PANDEMİ VE OKULLU TOPLUMU: MEMLEKETİN ÜÇTE BİRİNİ İPTAL ETMEK

PANDEMİ VE OKULLU TOPLUMU: MEMLEKETİN ÜÇTE BİRİNİ İPTAL ETMEK

Bir ülkede kadın-erkek, çalışan-çalışmayan zümrelerinden sonra üçüncü büyük zümrenin “okullu topluluğu” olduğu rahatlıkla ifade edilebilir. Geçen yıl itibariyle ana sınıfı ve okullarda yaklaşık 18 milyon 108 bin, üniversitelerde 8 milyon 714 bin öğrenci,  946 bin öğretmen, 82 bin MEB’de personel,  yükseköğretimde 166 bin akademik personel ve tahmini 300 bin idari, işçi ve diğer personel çalışmaktadır. Bunları toplarsak 28 milyon 300 bin civarında öğrenci ve personel topluluğu bulunmaktadır.

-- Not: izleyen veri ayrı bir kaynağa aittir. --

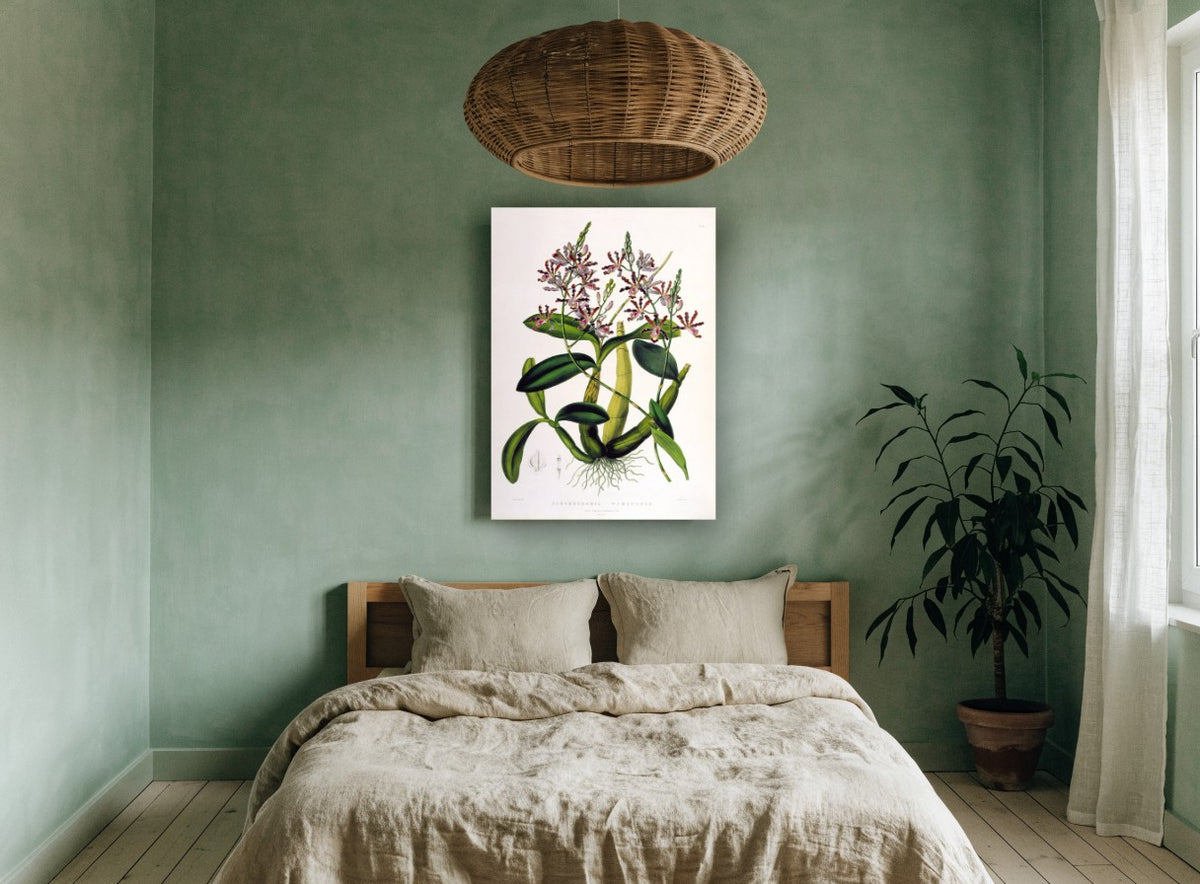 Trumpet Orchid Study vintage canvas print on the wall of a bedroom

Bu sayılara yaygın eğitim gören 10 milyon 783 bin kişi ve destek veren servis, ulaşım, kırtasiye, yurt çalışanları vb. dahil değildir.

Salgın nedeniyle okulları açmamak tek bir kalemde ve bir çırpıda topluluğun üçte birini başka bir hale geçirmektir. Anne babalarla çalışanların eş ve çocuklarını dahil edersek hemen tüm toplumu başka bir hale geçirmektir. Dünyanın geleceğini başka bir hale geçirmektir.

BİR ÖRNEK: HARİTAYA BAKMA GÜNLÜK 28 MİLYON AZALACAK


Öğrenci ve çalışan 28-29 milyon kişilik okul ve üniversite topluluğunu tatil etmenin veya uzaktan öğretime geçirmenin etki ve sonuçlarını nasıl hesaplayacağız? Zor bir soru. Bunun için çok araştırma yapmak gerekiyor.

Bunun etki ve sonuçlarını araştıran ve hesaplamaya uğraşan kaç kişi vardır, MEB ve YÖK hiç hesap yapıyor mu, bilemiyorum, ama çok basit bir örnek vereyim. Okullarda koridor veya sınıf duvarlarında Türkiye haritası genellikle görünür bir yerde olur. Öğrenciler farkında ve farkında olmadan bir günde onlarca, belki yüzlerce kez bu haritalarla karşılaşır. Günde bir kez haritaya bakıldığını kabul etsek okullar kapalı olduğunda günlük 28 milyon kez daha az haritaya bakılmış olacak.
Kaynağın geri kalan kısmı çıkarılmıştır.